124 N.J.L.J. 906
October 12, 1989
OPINION 630
Attorney as Witness - Counsel
Asked to Provide Adversary with
Certification Concerning
Discussions with Party to Action
The inquirer, a sole practitioner, represents tenants who are
defendants in a suit seeking to evict the tenants in which the
plaintiff-owner is also suing an alleged buyer of the property for
breach of the contract to purchase. We are told that the defense of
the tenants will in substantial part depend upon testimony of
conversations between the inquirer and the defendant-alleged
purchaser. Counsel for the plaintiff has demanded of the inquirer
his/her "certification" as to those conversations and we are asked
whether under such circumstances the inquirer may ethically
continue in the matter as counsel for the tenants.
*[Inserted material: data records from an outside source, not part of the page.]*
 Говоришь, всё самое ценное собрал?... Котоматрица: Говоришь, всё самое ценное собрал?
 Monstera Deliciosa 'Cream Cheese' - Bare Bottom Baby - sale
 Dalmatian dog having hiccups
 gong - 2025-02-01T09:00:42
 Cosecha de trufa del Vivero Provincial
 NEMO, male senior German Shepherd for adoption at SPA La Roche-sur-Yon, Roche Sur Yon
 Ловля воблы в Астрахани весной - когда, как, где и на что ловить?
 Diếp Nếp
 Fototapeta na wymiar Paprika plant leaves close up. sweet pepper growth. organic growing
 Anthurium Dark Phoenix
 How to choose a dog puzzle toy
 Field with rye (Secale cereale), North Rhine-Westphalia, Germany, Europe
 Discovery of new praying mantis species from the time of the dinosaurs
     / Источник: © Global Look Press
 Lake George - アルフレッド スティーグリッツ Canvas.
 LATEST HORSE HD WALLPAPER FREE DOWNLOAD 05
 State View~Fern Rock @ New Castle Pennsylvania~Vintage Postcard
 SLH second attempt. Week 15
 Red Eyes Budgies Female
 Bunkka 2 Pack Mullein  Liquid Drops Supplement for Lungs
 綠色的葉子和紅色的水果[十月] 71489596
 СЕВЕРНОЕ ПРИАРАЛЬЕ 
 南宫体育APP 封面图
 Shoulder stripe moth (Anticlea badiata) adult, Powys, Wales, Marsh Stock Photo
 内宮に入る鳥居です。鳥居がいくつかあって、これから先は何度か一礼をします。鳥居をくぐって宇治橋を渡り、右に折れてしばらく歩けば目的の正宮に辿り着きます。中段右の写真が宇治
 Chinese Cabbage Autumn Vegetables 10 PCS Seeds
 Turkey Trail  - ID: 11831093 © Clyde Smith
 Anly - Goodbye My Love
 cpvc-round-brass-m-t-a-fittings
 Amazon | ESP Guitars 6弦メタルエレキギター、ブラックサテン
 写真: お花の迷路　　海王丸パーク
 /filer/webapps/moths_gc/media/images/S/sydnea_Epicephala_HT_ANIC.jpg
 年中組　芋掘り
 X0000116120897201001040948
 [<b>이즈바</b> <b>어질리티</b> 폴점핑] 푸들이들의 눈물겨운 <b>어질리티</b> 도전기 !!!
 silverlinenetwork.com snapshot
RPC 3.7(a) provides that "A lawyer shall not act as an
advocate at a trial in which the lawyer is likely to be a necessary
witness..." (listing three exceptions none of which are applicable
here). RPC 3.7(b) provides that "A lawyer may act as advocate in a
trial in which another lawyer in the lawyer's firm is likely to be
called as a witness unless precluded from doing so by RPC 1.7 or
RPC 1.9."
Upon the face of it, the inquirer may not continue as counsel
for the tenants upon the facts submitted measured against the
standard set forth in RPC 3.7(a). However, RPC 3.7 substantially
changes the standards as they existed prior to September 10, 1984
(the effective date of the Rules of Professional Conduct) and
consequently overrules prior Opinions of the Committee. These
opinions were predicated upon either the Canons of Professional
Ethics or the Disciplinary Rules which "deleted" the Canons
effective September 13, 1971, and which were themselves "deleted"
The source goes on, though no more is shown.